▸ Data provided
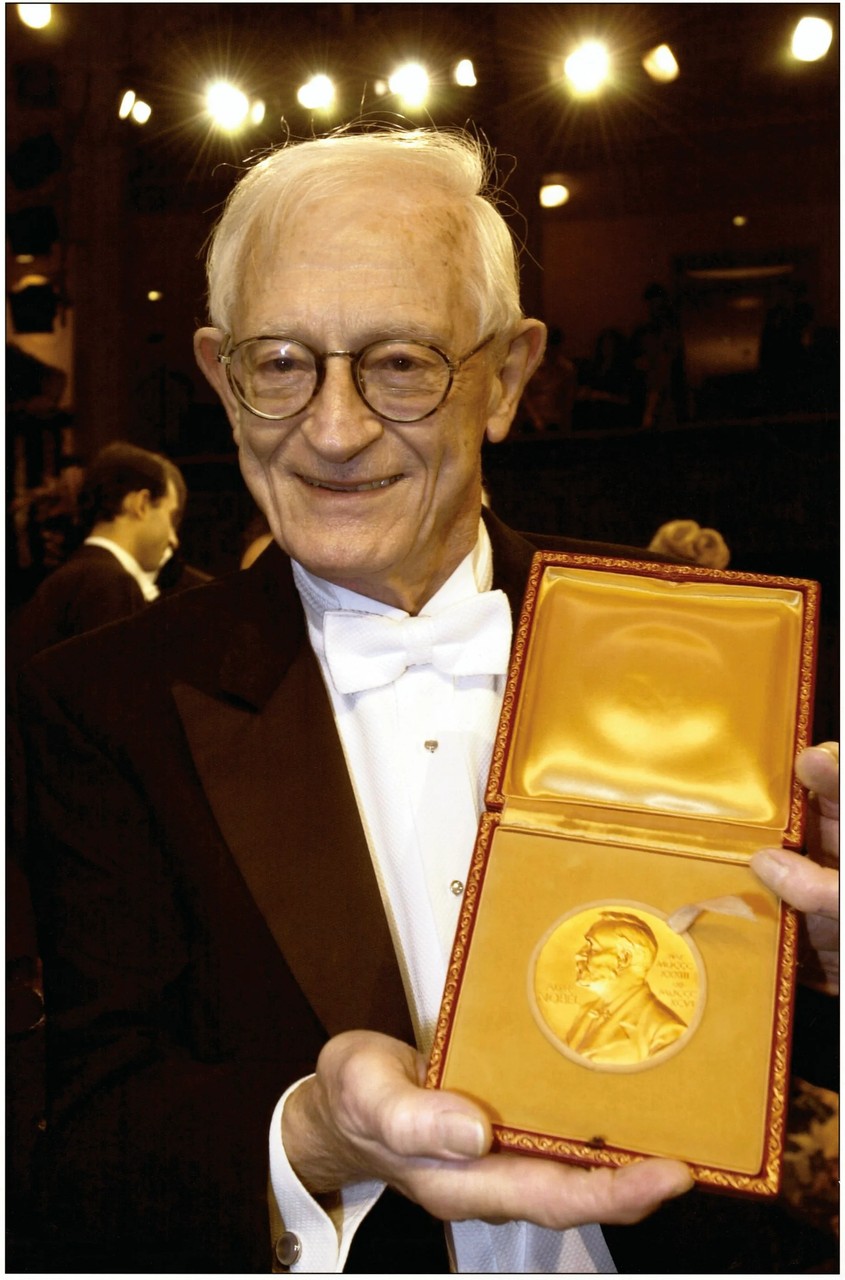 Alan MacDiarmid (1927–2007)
---
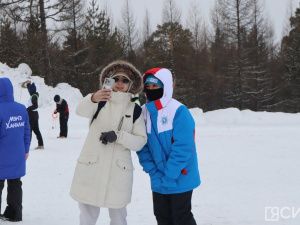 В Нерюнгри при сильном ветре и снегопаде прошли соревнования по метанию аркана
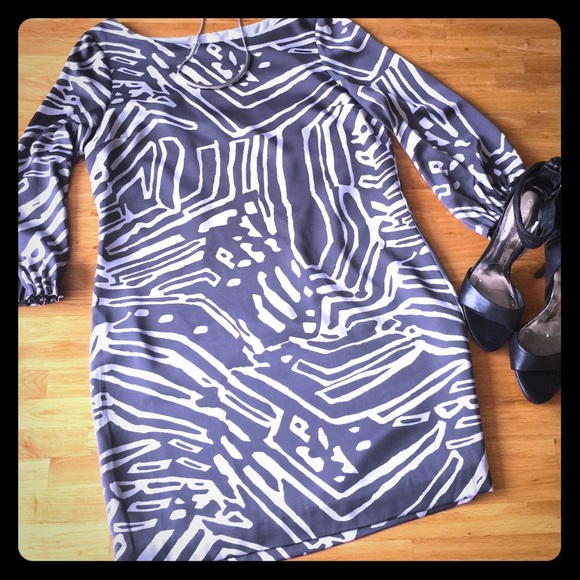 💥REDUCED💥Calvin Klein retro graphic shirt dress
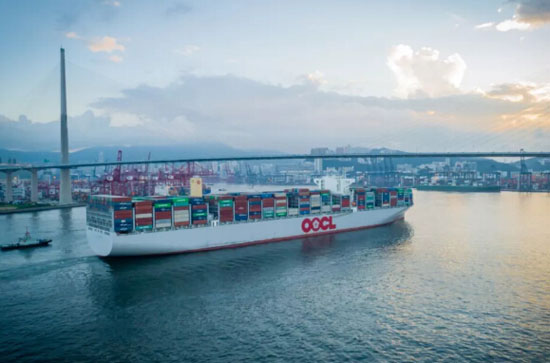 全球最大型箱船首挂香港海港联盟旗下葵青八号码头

▸ Exercise aim
Nothing but the lines above, starting at the line that contains "В Нерюнгри при" and ending at the line that contains "全球最大型箱船首挂香港海港联盟旗下葵青八号码头", should be given again, exactly and without the pictures.

▸ Answer area
 В Нерюнгри при сильном ветре и снегопаде прошли соревнования по метанию аркана
 💥REDUCED💥Calvin Klein retro graphic shirt dress
 全球最大型箱船首挂香港海港联盟旗下葵青八号码头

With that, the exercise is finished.